Jeppesen delivers transformative information and optimization solutions to improve the efficiency of air operations around the globe. As the company started to grow and expand, the search for a solution that could aggregate all the alerts across their infrastructure, scale within the company, and escalate critical incidents became a priority. Pablo Castillo, Service Manager at Jeppesen, and his team members took the initiative to find a solution that would enable better operational agility for their IT teams and reliability for their environment.
Overcoming challenges around on-call and incident management
Jeppesen didn’t have a solution that supported on-call automation or incident management. A customer would call in to notify the company of an issue which would then fire off an alert. Additionally, their internally phone system required manually updating the on-call contact information, as such, on-call staff was never up to date so it wasn’t a reliable source to address a problem. At times calls would get forwarded to the wrong person. “There wasn’t any proactive detection of problems or incidents. As we got bigger, implementing a solution to manage this became a requirement,” said Castillo. As Jeppesen continued to expand the company and their customer base, the performance and availability of their applications became increasingly critical. With so many moving parts, getting an incident management solution in place to effectively manage their digital operations was top of mind for Castillo, his team, and the company as a whole.
Exceeding SLA expectations and decreasing downtime
Jeppesen selected PagerDuty to overcome the challenges they faced around incident management, on-call automation, and incident triage and escalation. Since implementing PagerDuty, the company has gained full-stack visibility of critical applications, aggregate and manage alerts across their infrastructure, prioritize critical incidents requiring immediate response, and stop business-impacting situations. “PagerDuty provides us with a clear timeline as to when the problem started, when it was acknowledged, and when it’s been resolved,” stated Castillo.
To deliver a faster response, with the help of PagerDuty Jeppesen implemented a ChatOps support model. Using the PagerDuty and Slack bi-directional workflow extension. With the click of a button, the Jeppesen team can acknowledge and resolve PagerDuty incidents from Slack. PagerDuty updates the Slack timeline, so it is always actively working on the issue, as well as when and what actions were taken. This also enables seamless collaboration and resolution on mobile.

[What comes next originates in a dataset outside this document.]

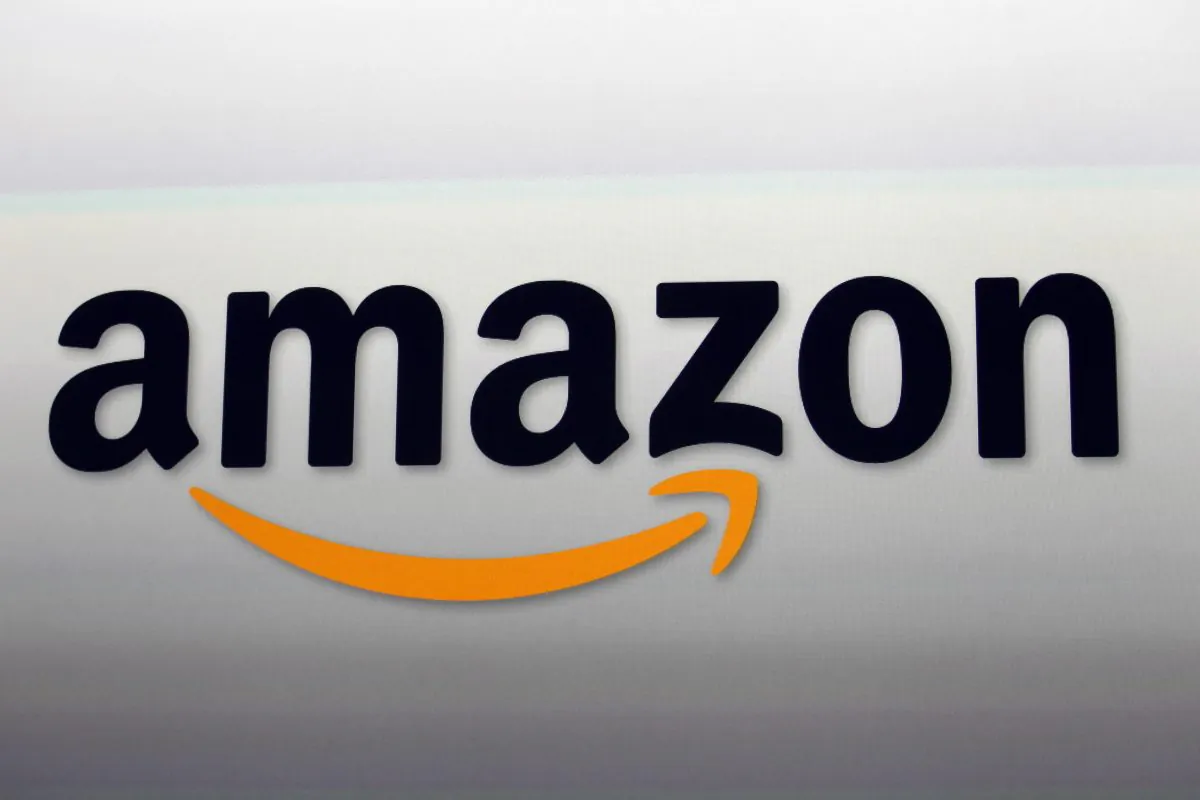 An Amazon logo at the introduction of the new Amazon Kindle Fire HD and Kindle Paperwhite personal devices, in Santa Monica, Calif., on Sept. 6, 2012. E-commerce giant Amazon celebrated its 20th anniversary with results that sent investors into a buying frenzy. Amazon was the second biggest gainer in the S&P 500 for the year, up 115 percent through Wednesday, Dec. 23, 2015. (AP Photo/Reed Saxon)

Jeppesen has different SLAs that are tied to specific applications — the most important and impactful being the ones related to tracking. One of the SLAs is that Jeppesen can’t have more than 15 to 30 minutes of downtime per month. In the event of downtime, they need to act quickly. “We have 100% delivery for every product thanks to the support of PagerDuty. We got a call from PagerDuty when one of our website applications went down. When we received notice from our customer, the problem was already resolved. You look good to a customer when something like this happens,” said Castillo.
24/7 website availability and seamless digital operations management
Jeppesen relies on PagerDuty to keep their site running at all times and notify the right on-call resources to take effective and immediate action whenever an incident arises. “PagerDuty enables us to make our site available 24/7. With the PagerDuty platform, we are able to address incidents right away which in turn allows us to act more proactively,” said Castillo. Jeppesen also recently implemented and intends to heavily use PagerDuty’s Live Call Routing capability, which enables any individual to immediately reach a live on-call engineer or leave a voicemail that is attached to an incident simply by calling a number. With PagerDuty, Jeppesen has gained the full-stack visibility and response orchestration required to manage the end-to-end digital experience for their customers, resulting in optimizing product delivery and meeting SLA expectations.
“PagerDuty enables us to deliver 24/7 website availability. With the platform, we are able to address incidents immediately, which enables our IT teams to act proactively in resolving issues”